On February 3, 2017, Magistrate Judge Thomas J. Rueter of the Eastern District of Pennsylvania issued an opinion and subsequent orders compelling Google to turn over certain data stored in overseas facilities, per the request of two previously issued search warrants.

In his opinion, Judge Rueter explains that, “the present dispute centers on the nature and reach of the warrants issued pursuant to section 2703 of the Stored Communications Act, 18 U.S.C. §§ 2701 (“SCA”).

He frames the relevant issues as follows: “The court must determine whether the [g]overnment may compel Google to produce electronic records relating to user accounts pursuant to search warrants issued under section 2703 of the SCA, or in the alternative, whether Google has provided all records in its possession that the [g]overnment may lawfully compel Google to produce in accordance with the Second Circuit’s ruling.” Rueter ultimately holds that “compelling Google to disclose to the [g]overnment the data that is the subject of the warrants does not constitute an unlawful extraterritorial application of the [SCA].”

In its reporting of the decision, news outlet Reuters particularly emphasizes Judge Rueter’s reasoning that “transferring emails from a foreign server so FBI agents c[an] review them locally as part of a domestic fraud probe d[oes] not qualify as a seizure . . . because there [i]s “no meaningful interference” with the account holder’s “possessory interest” in the data sought . . . [the retrieval] has the potential for an invasion of privacy, [but] the actual infringement of privacy occurs at the time of disclosure in the United States.”

Orin Kerr, law professor at The George Washington University School of Law, notes numerous problems with Judge Rueter’s decision. “The issue in this case is statutory, not constitutional. Even if you accept the (wrong) framing of the issue as being whether the SCA applies outside the United States, the answer has to come from what Congress focused on, not where the constitutional privacy interest may or may not be. Where you place the Fourth Amendment search or seizure strikes me as irrelevant to the extraterritorial focus of the statute.”

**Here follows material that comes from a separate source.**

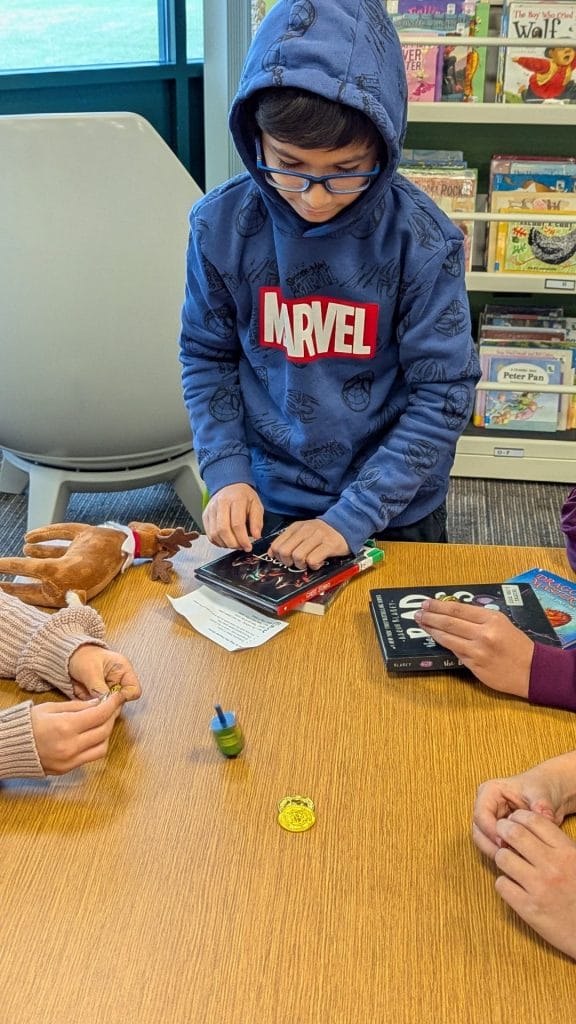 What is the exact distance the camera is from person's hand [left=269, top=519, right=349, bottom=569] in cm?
118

Kerr further contends that, “Even accepting the court’s framing, I don’t think it’s right that no seizure occurred abroad. As I see it, copying Fourth Amendment-protected files seizes them under the Fourth Amendment ‘when copying occurs without human observation and interrupts the stream of possession or transmission’. . . . That test is satisfied here when the information was copied. The court suggests that bringing a file back to the United States is not a seizure because Google moves data around all the time and ‘this interference is de minimis and temporary.’ I don’t think that works. Google is a private company not regulated by the Fourth Amendment, so whether it moves around data is irrelevant.”

It will come as no surprise that Google plans to appeal the Third Circuit decision. Likely a slough of other tech and media companies that previously filed amicus curie briefs in the Microsoft case will file briefs again, such as Apple, Amazon, AT&T, eBay, and Verizon.

Key questions that remain, then, are what will the Third Circuit decide on review?

Will the court follow the precedent set by the Second Circuit in Warrant?

Will it adopt the reasoning of the dissenters in the denial of Warrant‘s en banc review?

Will it follow Judge Rueter’s reasoning in the case at bar?

Or will it render an entirely novel opinion?

And though we can be sure that the losing party will petition the Supreme Court, one also must consider whether a final player emerge, in the form of Congress directly intervening? After all, the SCA was enacted in 1986, and many consider it not only out of date, but also relatively unworkable for modern technological issues. The time certainly seems ripe for a statutory update.